2.000 euros de frais
Après une formation de 48 heures avec un commercial, Maryse se retrouve vite aux commandes d'une agence avec la pression de vendre. Elle s'investit au point de l'assumer seule durant deux mois et demi. Pourtant, une semaine avant la fin du contrat AFPR, elle est convoquée par son supérieur.
«Il m'a annoncé qu'il ne me garderait pas car je n'avais pas fait de ventes. Je ne m'y attendais pas car en AFPR, nous sommes des stagiaires en formation, pas des employés avec des objectifs à atteindre. J'ai dépensé environ 2.000 € durant ces trois mois en frais de déplacement, téléphone, ordinateur… et si je l'ai fait, c'est parce que jamais l'entreprise ni Pôle Emploi ne m'ont parlé de l'éventualité de ne pas être embauchée. J'ai été utilisée par cette entreprise qui a vu en l'AFPR un moyen de bénéficier de main d'œuvre gratuite, et par Pôle Emploi qui incite les chômeurs à accepter ces contrats afin de faire baisser les chiffres du chômage !» [1]
Maryse, justifiant de trois mois de travail, ne pourra pas percevoir le RMI durant le trimestre suivant… Elle se retrouve sans aucune ressource. «Seule avec ma fille, ma mère a dû m'envoyer de l'argent pour m'aider. J'ai écrit au ministre du Travail, à l'époque Xavier Darcos, au Pôle Emploi de Martigues et à l'Inspection du travail pour dénoncer l'AFPR et le manque de contrôle des entreprises qui abusent des stagiaires, mais je n'ai eu aucune réponse.»

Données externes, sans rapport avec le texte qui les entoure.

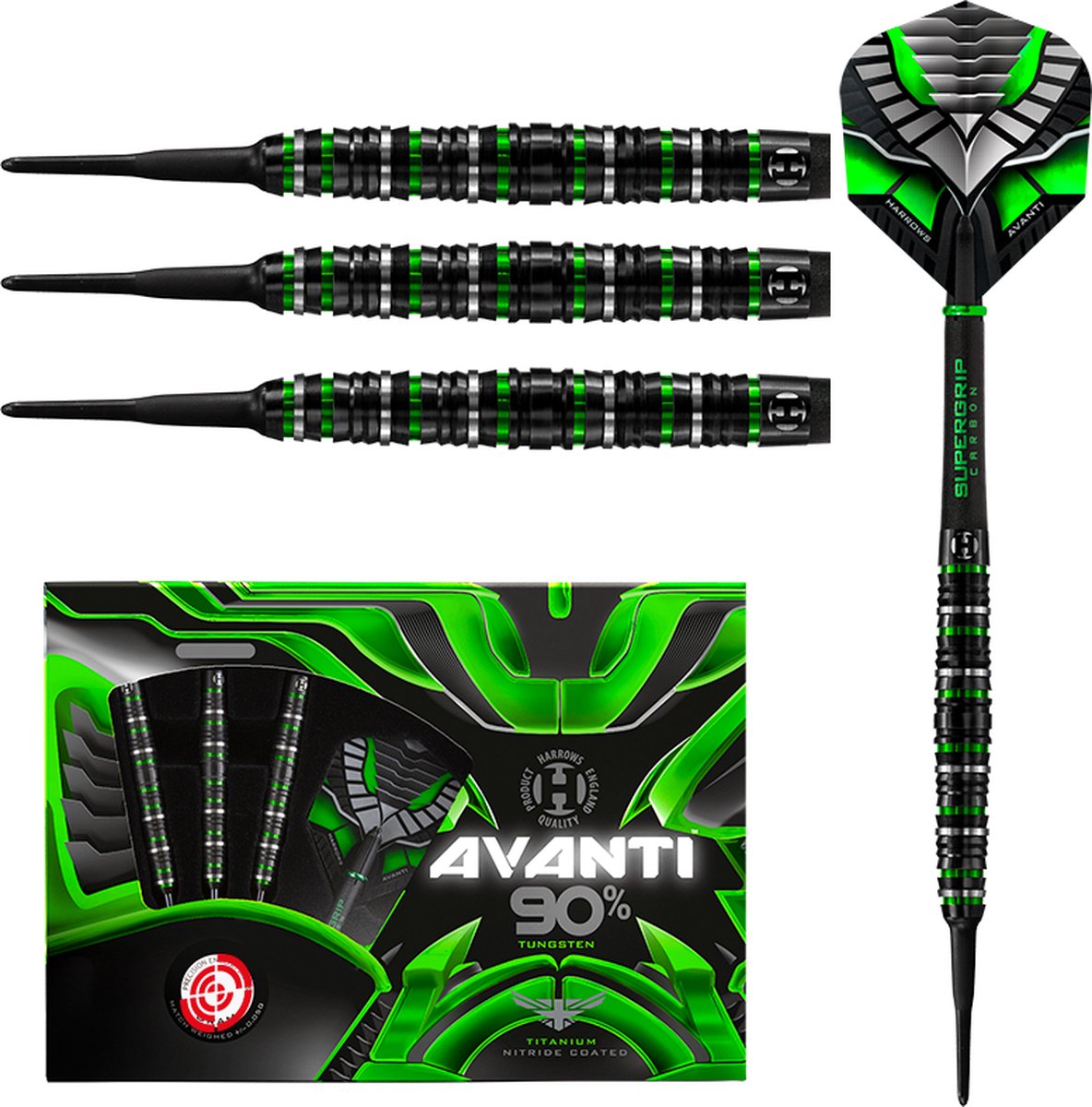 Harrows Avanti 90% Soft Tip - Dartpijlen - 18 Gram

Un contrat qui ne prolonge pas les indemnités chômage
Sans travail depuis plusieurs mois, Alexandra, 30 ans, accepte elle aussi un contrat en AFPR. Il devait déboucher sur un CDD mais, dix jours avant la fin, sa directrice l'informe qu'elle ne correspond pas au poste. La jeune femme contacte alors Pôle Emploi.
Son conseiller lui apprend non seulement qu'il était au courant qu'elle serait remplacée par une autre AFPR et qu'en plus, elle ne bénéficie plus d'aucun droit car ses dernières indemnités ont été consommées durant ces trois mois. «Personne au Pôle Emploi ne m'a informée que ce contrat ne prolongerait pas mes allocations. J'ai donc travaillé bénévolement pour cette entreprise à temps plein pendant trois mois sans être embauchée au final, au lieu d'utiliser mes derniers mois d'allocations pour trouver un véritable emploi. Je me suis retrouvée sans aucun revenu du jour au lendemain.»
«Tous les employeurs n'abusent pas de leurs stagiaires»
Mise en place il y a quelques années, l'AFPR du Pôle Emploi est une aide à l'embauche qui devait encourager la réinsertion des demandeurs d'emploi et les employeurs au recrutement. Laurent Wauquiez, secrétaire d'Etat à l'Emploi, annonçait en mars la nécessité de proposer des formations rémunérées pour obtenir des taux de retour à l'emploi importants.
Outre la rémunération mensuelle du stagiaire, Pôle Emploi verse en plus à l'employeur une aide en cas d'embauche pour les heures de formation dispensées, de 2.000 à 3.200 €.
Directeur du Pôle Emploi de Belfort-Nord, où un ancien stagiaire AFPR s'était plaint d'avancer trop de frais durant sa formation, Jean-François Locatelli croit malgré tout en l'efficacité du dispositif : «Dans notre agence, sur 110 AFPR signées, nous notons 89% d'embauche environ, donc tous les employeurs n'abusent pas de leurs stagiaires.» Des chiffres toutefois difficiles à vérifier, car aucun document chiffré sur l'AFPR n'est communiquée à ce jour par Pôle Emploi.
Si des embauches ont lieu, de plus en plus d'anciens stagiaires renvoyés juste avant la fin de la formation et/ou payés au lance-pierre pour travailler 40 heures par semaine, pointent l'absence de contrôle et de sanction envers ces employeurs peu scrupuleux.
(Source : Eco89)
[1] En effet, les "stagiaires de la formation professionnelle" sont placés en catégorie D et échappent ainsi à la médiatisation.